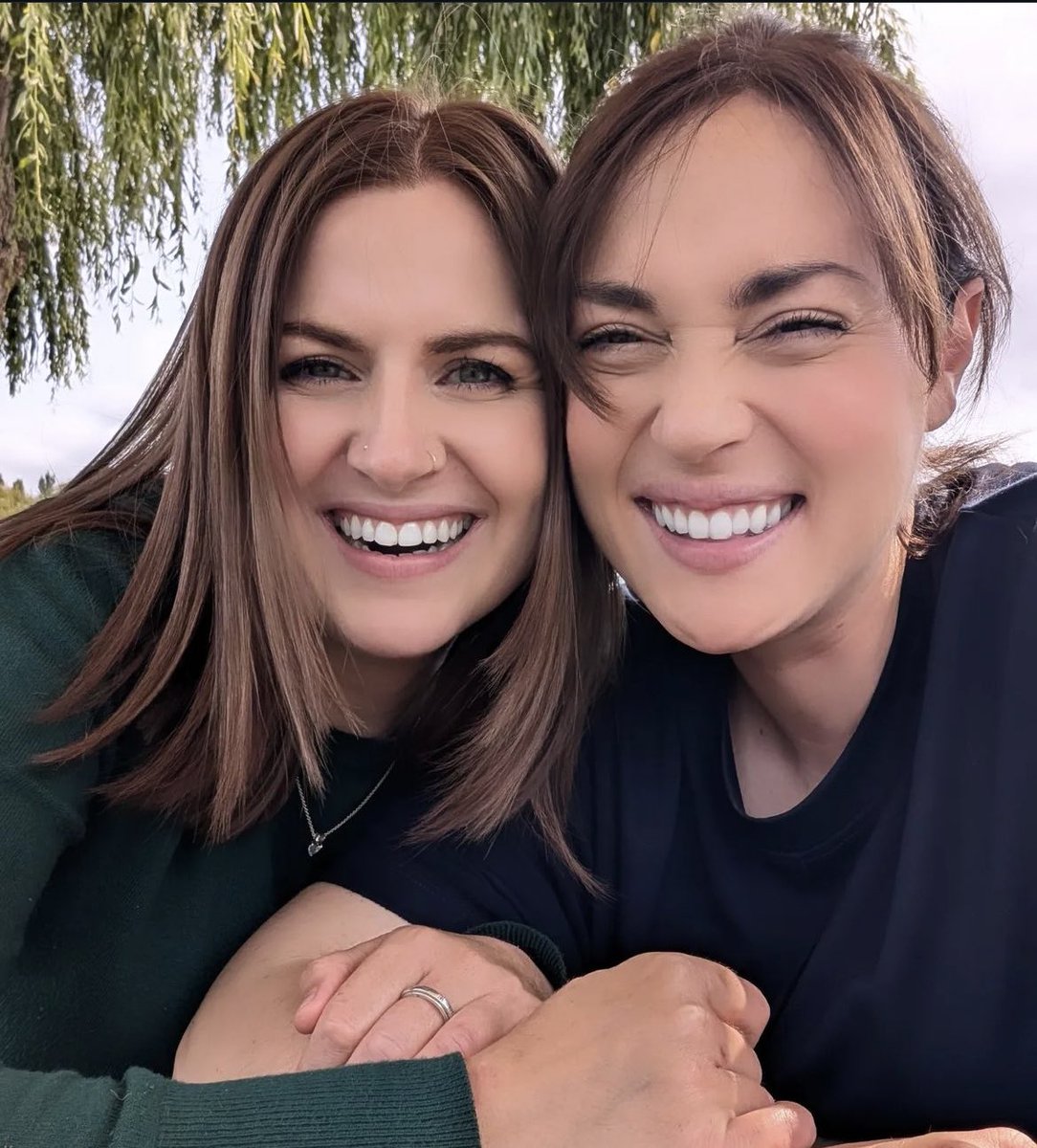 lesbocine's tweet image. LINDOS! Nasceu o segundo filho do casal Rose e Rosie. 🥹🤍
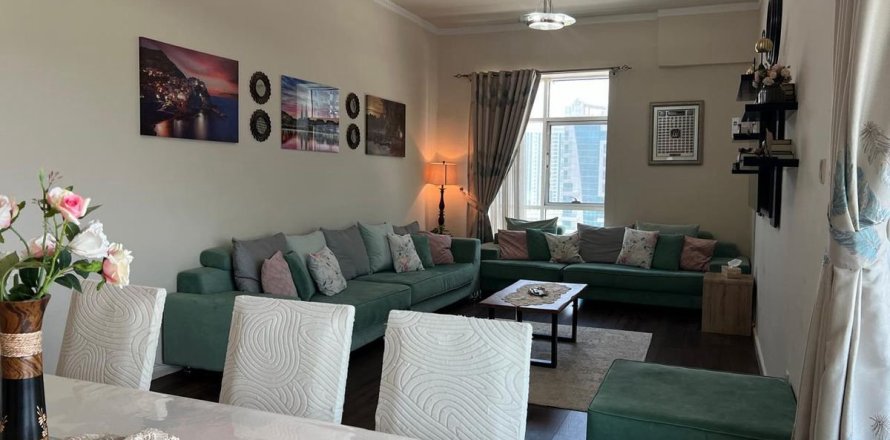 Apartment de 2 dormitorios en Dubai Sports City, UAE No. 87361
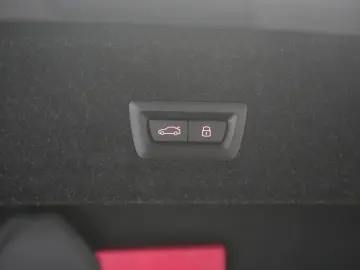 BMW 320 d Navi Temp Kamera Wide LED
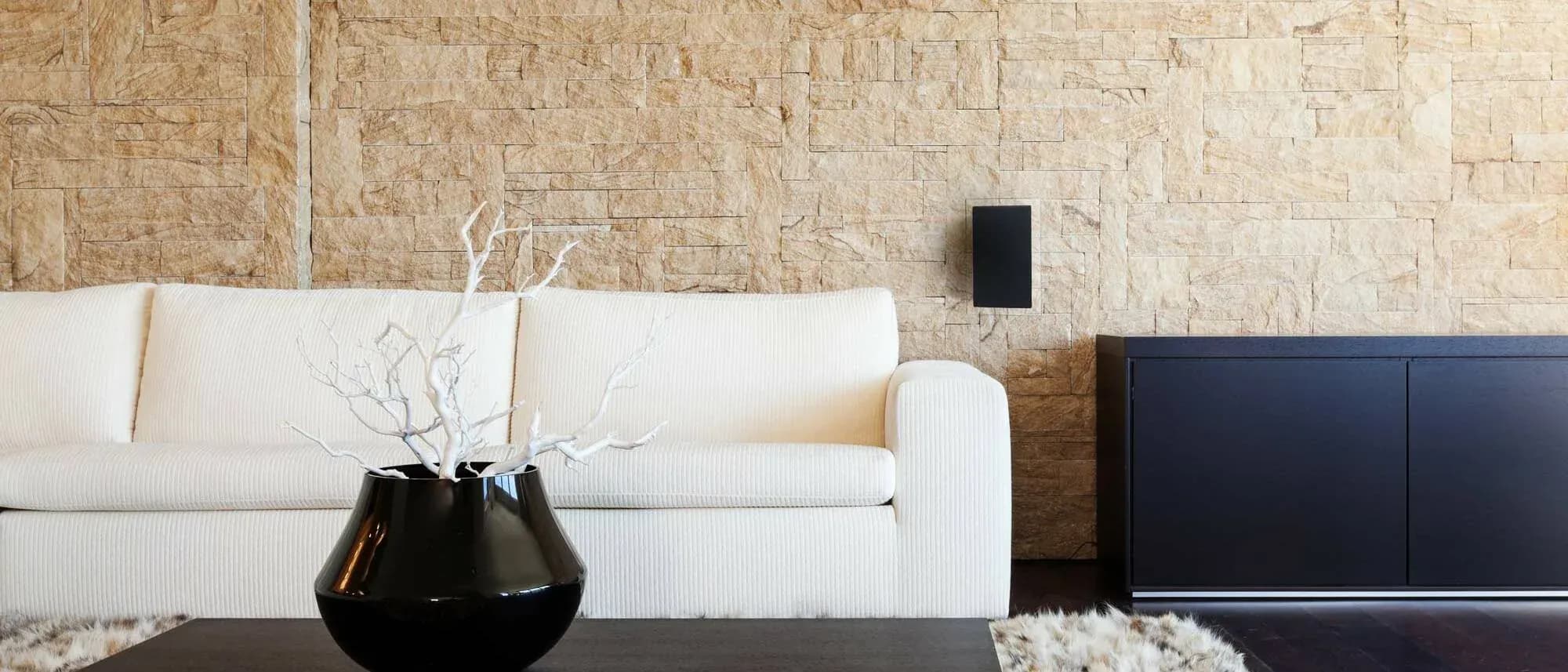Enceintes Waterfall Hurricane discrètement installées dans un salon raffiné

--

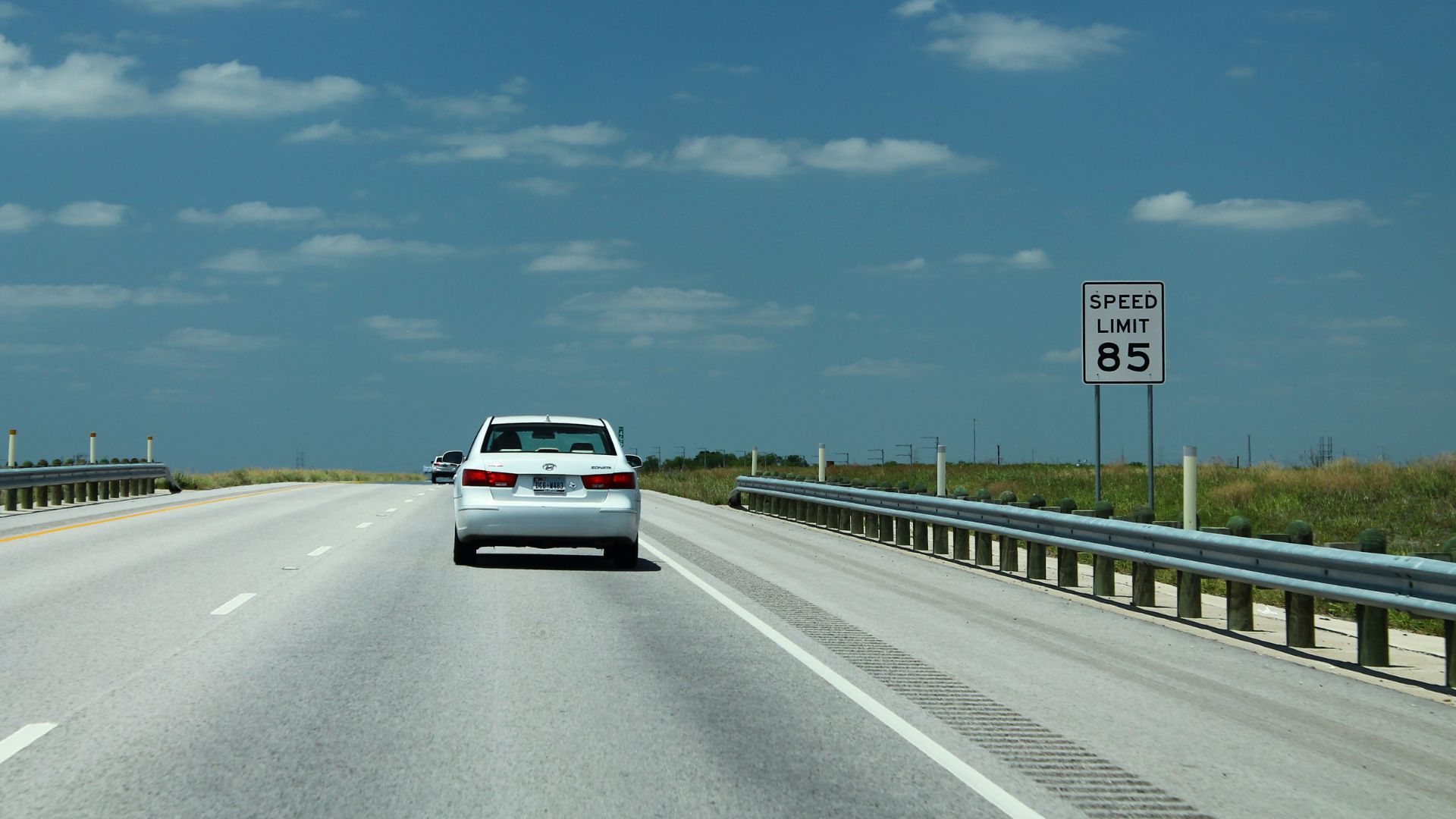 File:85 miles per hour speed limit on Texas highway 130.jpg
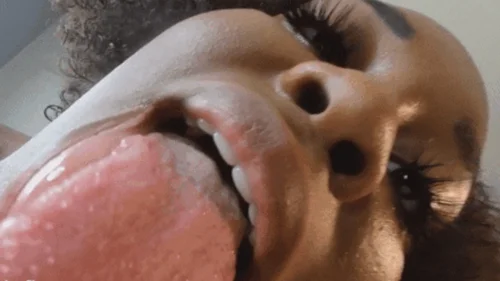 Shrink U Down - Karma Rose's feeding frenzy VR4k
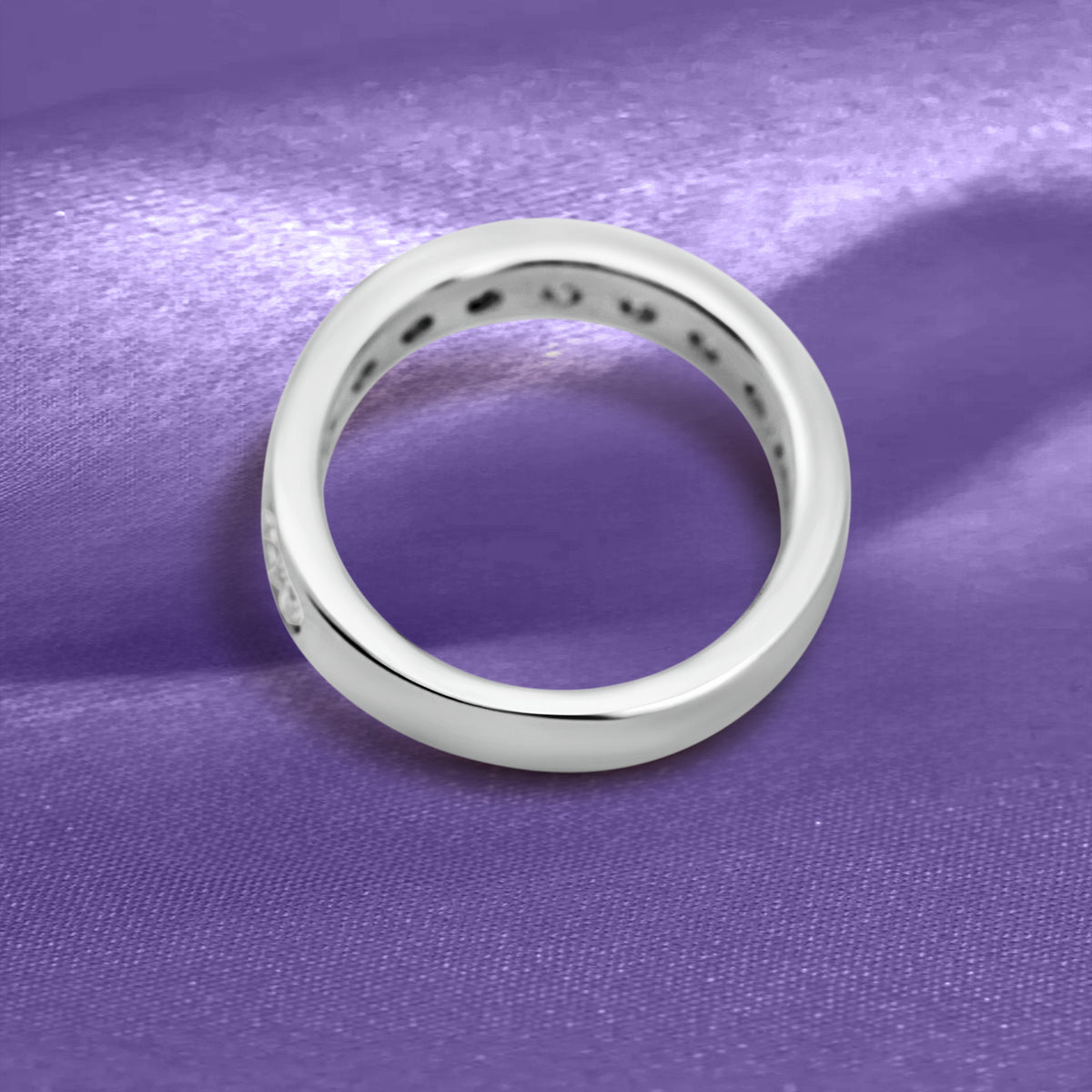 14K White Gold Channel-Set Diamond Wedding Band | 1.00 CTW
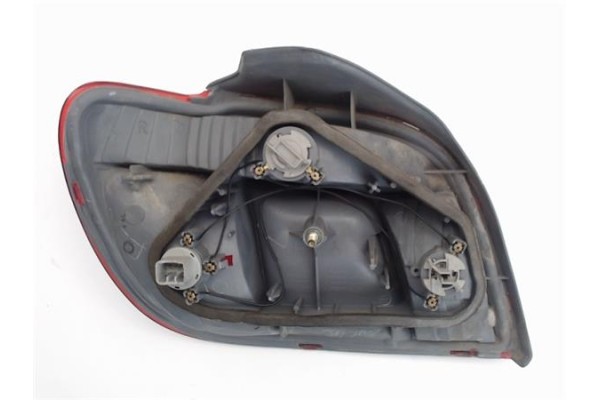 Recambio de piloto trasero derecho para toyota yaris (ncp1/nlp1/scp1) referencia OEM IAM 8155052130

---

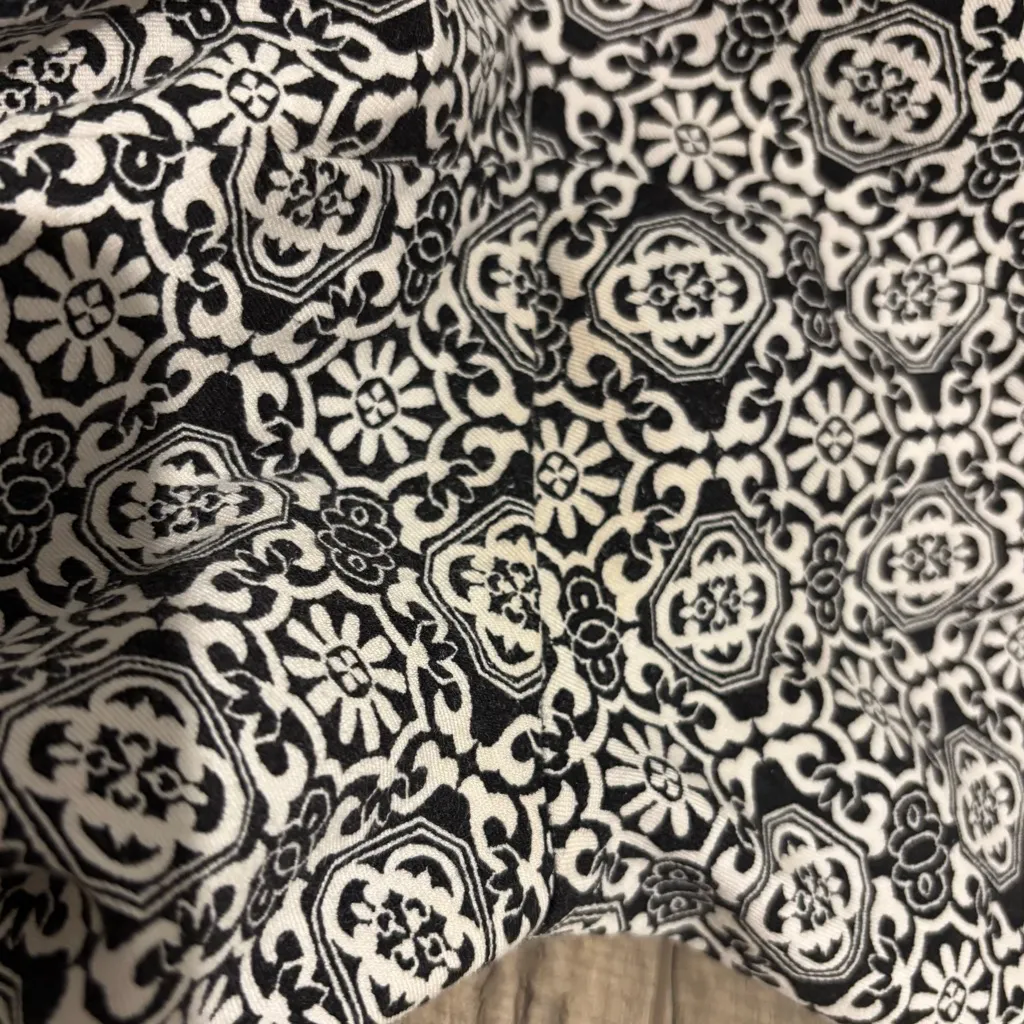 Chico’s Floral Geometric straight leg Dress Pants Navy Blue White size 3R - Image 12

◆ Description of the task ◆
Starting with the line that has "File:85 miles per" and ending with the line that has "Recambio de piloto", repeat the lines above exactly, omitting every picture.

◆ Response area ◆
 File:85 miles per hour speed limit on Texas highway 130.jpg
 Shrink U Down - Karma Rose's feeding frenzy VR4k
 14K White Gold Channel-Set Diamond Wedding Band | 1.00 CTW
 Recambio de piloto trasero derecho para toyota yaris (ncp1/nlp1/scp1) referencia OEM IAM 8155052130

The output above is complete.